### WORK INSTRUCTION:
Output every line below as it stands, dropping only the images.

### AVAILABLE DATA:
——————
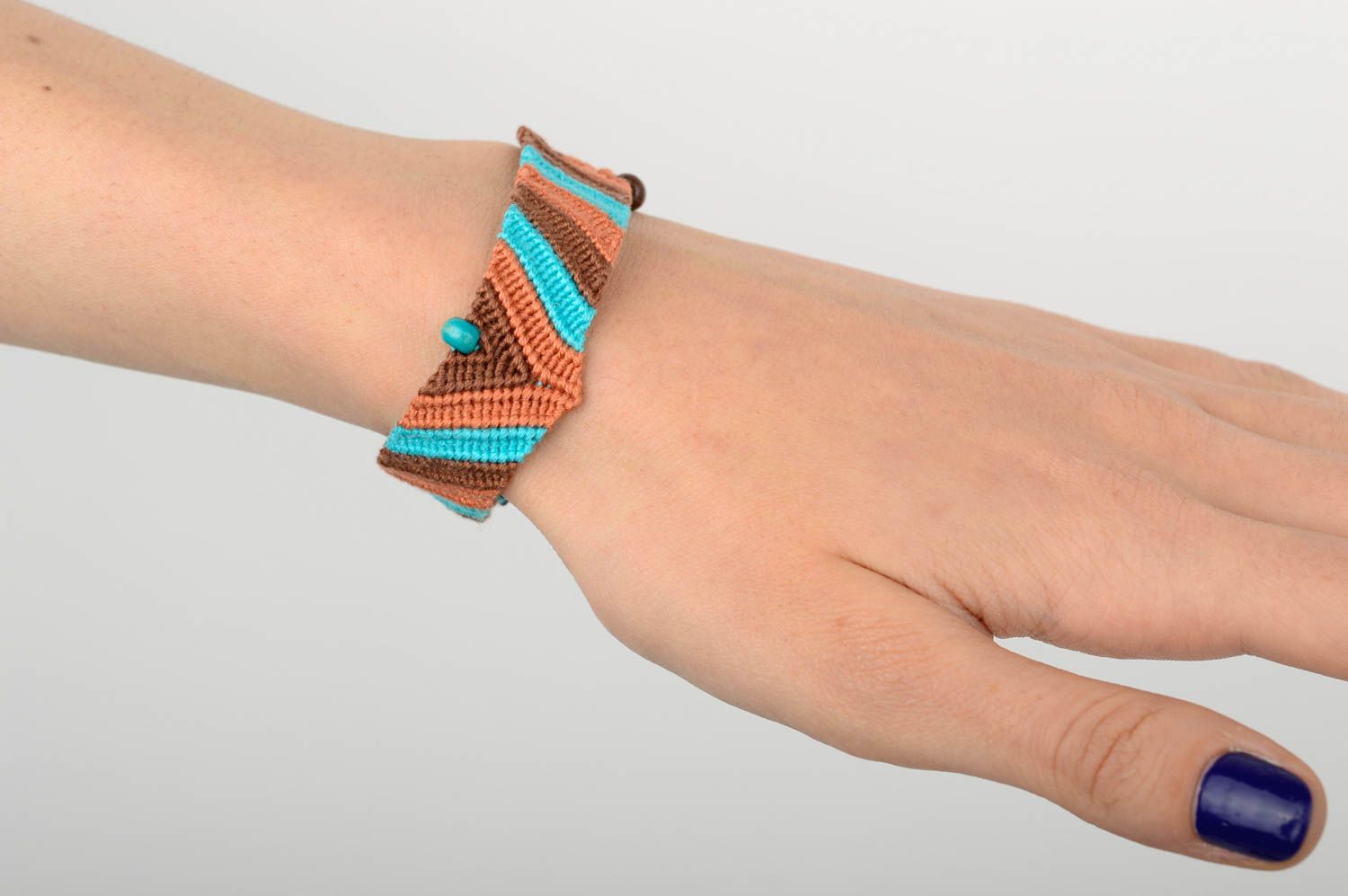Modeschmuck Armband handgeschaffen hell Armband Makramee Frauen Accessoire  foto 5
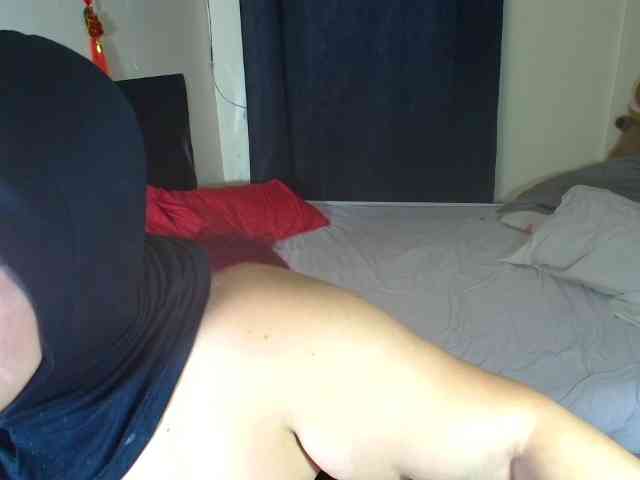 CurvyQueen webcam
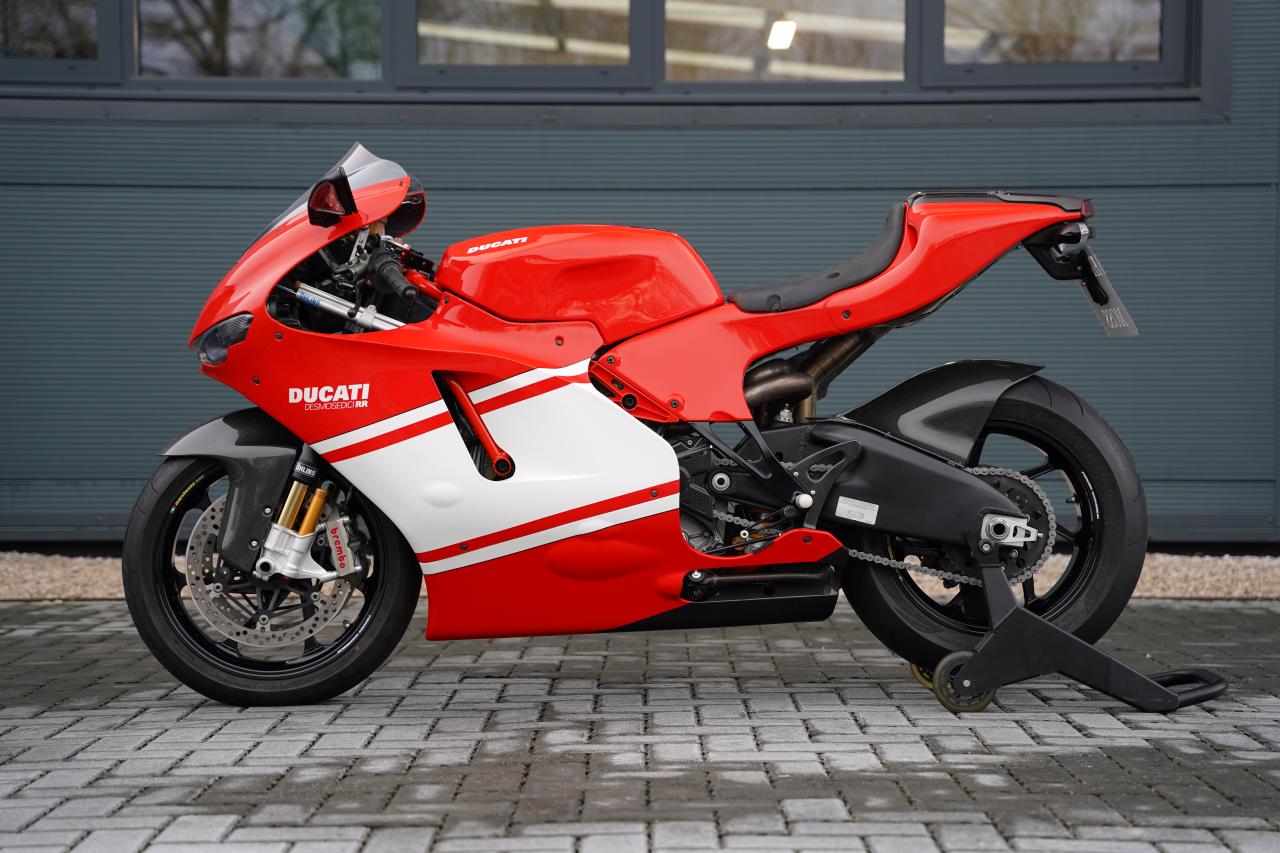 2008 Ducati DESMOSEDICI RR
——————
### YOUR RESPONSE:
Modeschmuck Armband handgeschaffen hell Armband Makramee Frauen Accessoire  foto 5
 CurvyQueen webcam
 2008 Ducati DESMOSEDICI RR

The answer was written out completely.